(Work to complete) For the material below, reproduce exactly each line from the one that has "Getek Angkut Sekeluarga" through the one that has "Opel Zafira 1.8 Innovation - 34", and no others; pictures stay out.

(Working data)
-*-*-
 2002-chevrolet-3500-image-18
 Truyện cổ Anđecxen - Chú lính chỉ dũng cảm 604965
-*-*-
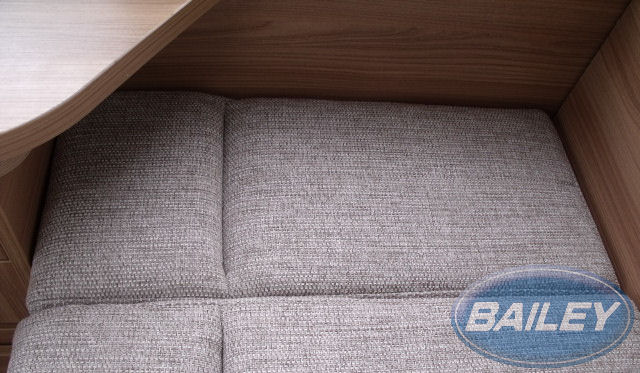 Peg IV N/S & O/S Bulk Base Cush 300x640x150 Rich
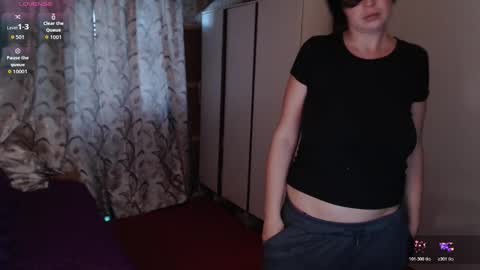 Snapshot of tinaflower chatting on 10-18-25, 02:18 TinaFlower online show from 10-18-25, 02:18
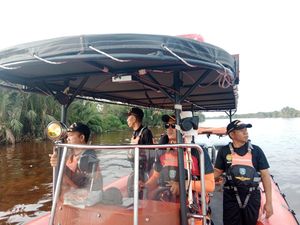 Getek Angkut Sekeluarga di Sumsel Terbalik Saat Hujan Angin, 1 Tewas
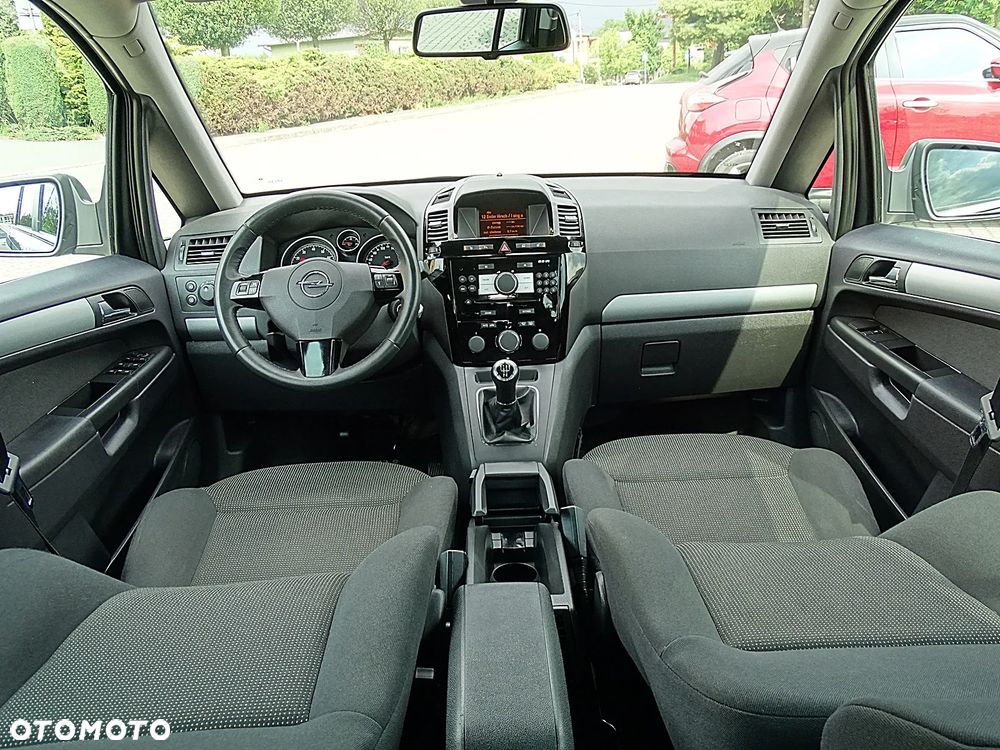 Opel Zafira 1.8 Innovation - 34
-*-*-
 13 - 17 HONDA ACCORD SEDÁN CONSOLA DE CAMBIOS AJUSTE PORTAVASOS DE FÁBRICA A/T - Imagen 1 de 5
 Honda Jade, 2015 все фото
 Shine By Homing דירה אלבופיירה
-*-*-
(Result of the task)
 Getek Angkut Sekeluarga di Sumsel Terbalik Saat Hujan Angin, 1 Tewas
 Opel Zafira 1.8 Innovation - 34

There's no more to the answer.